It would be difficult to think of a worse career move for a high school basketball player who could earn a college scholarship to go into the minor leagues instead, as many are advocating.
There is certainly no lack of opportunity as in the state of Maryland alone, there are eleven professional basketball teams.
Between this huge amount of minor league basketball teams and the small percentage of players who make it into the NBA, the best move for the player is obviously to receive a college education.  The Continental Basketball Association, or CBA, touted itself as “the world’s oldest basketball league.”  It had a working agreement to develop players and referees for the National Basketball Association, about as secure as it gets for a minor league.  This did not keep it from filing for bankruptcy in 2001 and going “out of business” in 2010.
When is the last time a major college basketball program declared bankruptcy and went “out of business”?
That in itself should be more than enough to keep players in school and out of the minor leagues in basketball.  For all rational debate, it merely serves as a start.  You can never go wrong talking about dollars when the value of a college education is the topic.  Articles in Forbes put its worth at more than $2 million in higher future earnings, with a yearly value well into the six figures when in school.  This comes from lavish spending on teaching, counseling, coaching, wellness, insurance, traveling, et al…all for the gain of the players!
The D-League, by contrast, pays two paltry salaries, $19,500.00 or $26,000.00.
Not really a tough choice there, but as with anything in life taxes come into play!  Guess what: college athletes do not have to pay taxes.  Professional players, including those in the minors, do!  The disparity grows even larger as the salaries are reduced by Uncle Sam, in addition to state and local governments!
Here is where it explodes!
Those salaries of $19,500.00 and $26,000.00 are gross income, before taxes.  The benefits of a college scholarship such as tuition, room, and board are paid by non-athletes with net income, or after taxes.  So to pay for that $150,000.00 benefit package of a college scholarship would require the net income of more than ten minor league basketball players!
The soft dollar benefits of a college scholarship, those other than tuition, room, or board, create a black hole that sucks any discussion favoring minor leagues into it, collapsing on their own sheer mass of folly.

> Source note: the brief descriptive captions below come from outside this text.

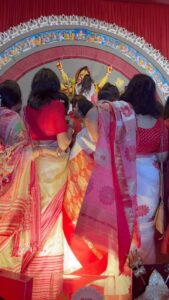 Subhashree Ganguly Instagram - আবার এসো মা 🙏🏻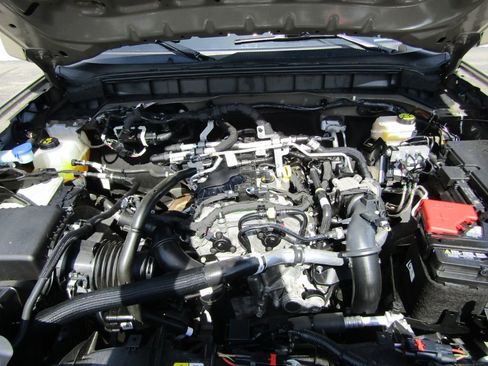 Used 2025 Ford Bronco Outer Banks AWD/4WD image 43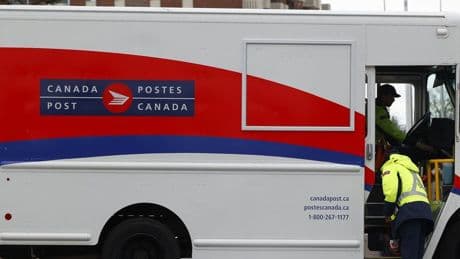 Canada Post, union disagree over taking 'five-minute wash-up time.' Here's what it is
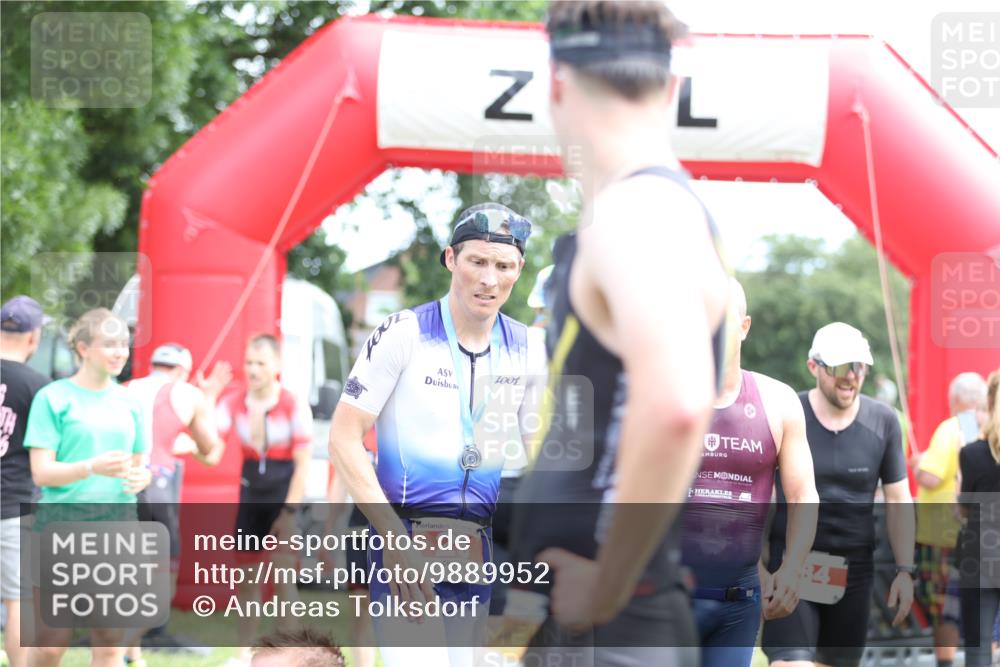 21.06.2026 - 29. Vierlanden-Triathlon Andreas Tolksdorf http://msf.ph/oto/9889952 21.06.2026 12:50:53 Ziel 145, 910, 924, 975, 145, 910, 924, 975 meine-sportfotos.de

Here is the most obvious soft dollar benefit here: when is the last time you heard of a minor league basketball player or playoffs?  Are offices across America getting pools ready for the championship tournament for a minor league basketball league anywhere in the world like the “bracketology” of “March Madness”?  What fan can’t name the members of their favorite college team?  That is from the millions in branding that the schools create to benefit the program, and thus the players.  Locally, this happens for the Maryland Terrapins, and every other major sports program at colleges across America.  Terp fans can name the recruits coming in along with the greats of the past, in addition to the current roster.
Can anyone name one player ever for the CBA Rockville Victors, a minor league team about 25 miles away from the campus of the University of Maryland?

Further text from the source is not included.